Earning a living or running a successful business is a full time endeavor.  As you grow your business and achieve your short term financial objectives, the more difficult it becomes to take the time to plan for your retirement. The retirement planning process begins with taking stock of the liquid assets currently available to you and your family, which are earmarked for your eventual retirement. This includes your current investment portfolio, retirement plan assets, cash value of life insurance policies and annuities, etc.

After you have taken a snapshot of current liquid assets dedicated to your eventual retirement, you should perform an analysis of the projected value of these assets from now until your anticipated retirement date, assuming a reasonable rate of return.  Next, you will calculate the projected value of future planned investments and retirement plan account contributions, using the same reasonable rate of return. Remember to only include assets which are specifically designated for retirement purposes.

You now will have a picture of the approximate amount of assets which will be available to generate retirement income to you beginning at your anticipated retirement age.  After adjusting the anticipated cash flow for inflation, you will be in a position to begin to evaluate if you will have adequate retirement income to allow you and your family to maintain your desired standard of living into your retirement years.

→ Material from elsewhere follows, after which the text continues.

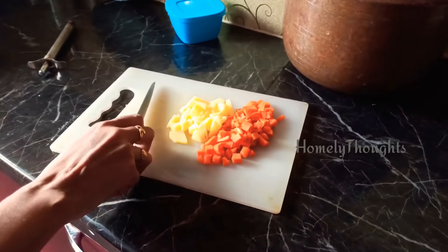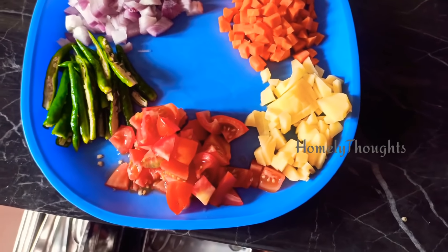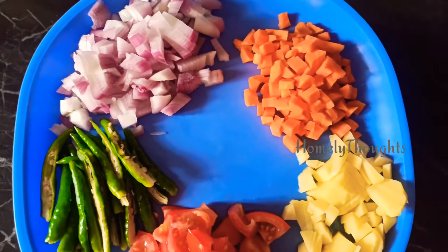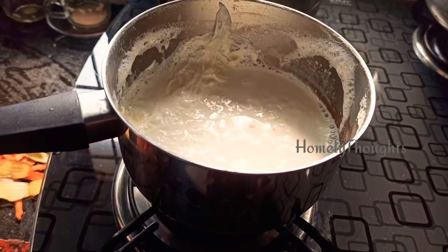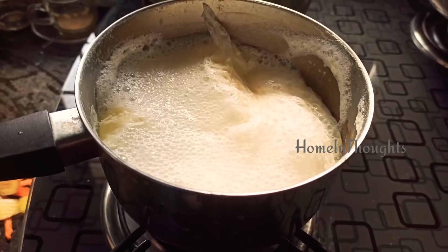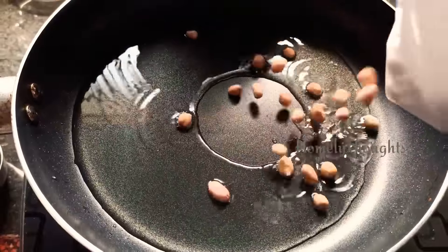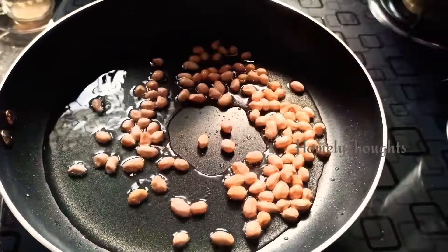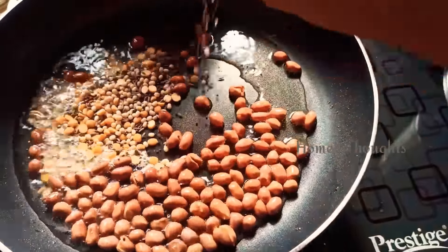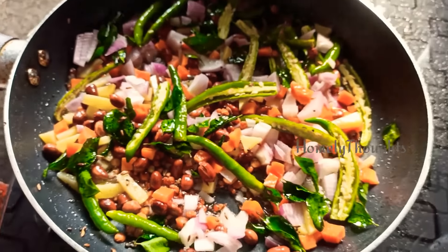We will be doing breakfast in the morning and some more things throughout the day. Every Sunday there is a recipe — chicken, mutton, and biryani.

It would be fantastic if you own a business or other assets which can be sold, hopefully resulting in the potential to create additional assets for your retirement fund.  But, as we know, life happens.  Businesses do not always succeed, and financial setbacks or unexpected expenses can upset even the best of plans. If you believe that your business may be worth considerably more in the future than it is worth currently, you are strongly advised to consult with a tax advisor who can suggest wats to make the sale of your business as efficient as possible.

In any event, it makes sense to retain the services of an advisor who is familiar with retirement planning, preferably someone who is credentialed to advise in this area, including a Certified Financial Planner (CFP).